Using the records beneath, say how many lines contain the word "tumorais", without comment.
[Opening Supplied records section]
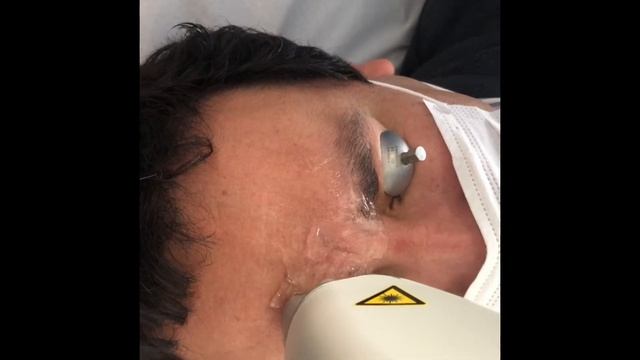 60% de descuento - Depilación entrecejo. Láser soprano Ice смотреть онлайн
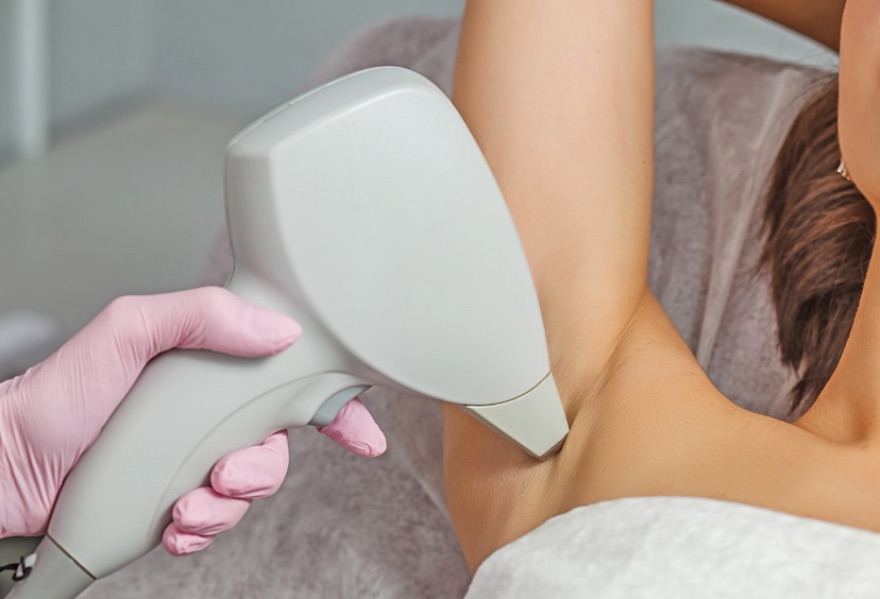 Epilazione Laser fa male o no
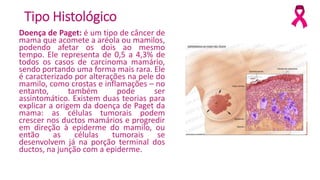 Tipo Histológico
Doença de Paget: é um tipo de câncer de
mama que acomete a aréola ou mamilos,
podendo afetar os dois ao mesmo
tempo. Ele representa de 0,5 a 4,3% de
todos os casos de carcinoma mamário,
sendo portando uma forma mais rara. Ele
é caracterizado por alterações na pele do
mamilo, como crostas e inflamações – no
entanto, também pode ser
assintomático. Existem duas teorias para
explicar a origem da doença de Paget da
mama: as células tumorais podem
crescer nos ductos mamários e progredir
em direção à epiderme do mamilo, ou
então as células tumorais se
desenvolvem já na porção terminal dos
ductos, na junção com a epiderme.
 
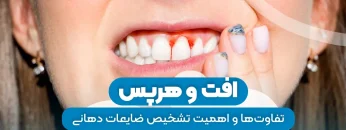 افت و هرپس 1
[Closing Supplied records section]
Task response:
2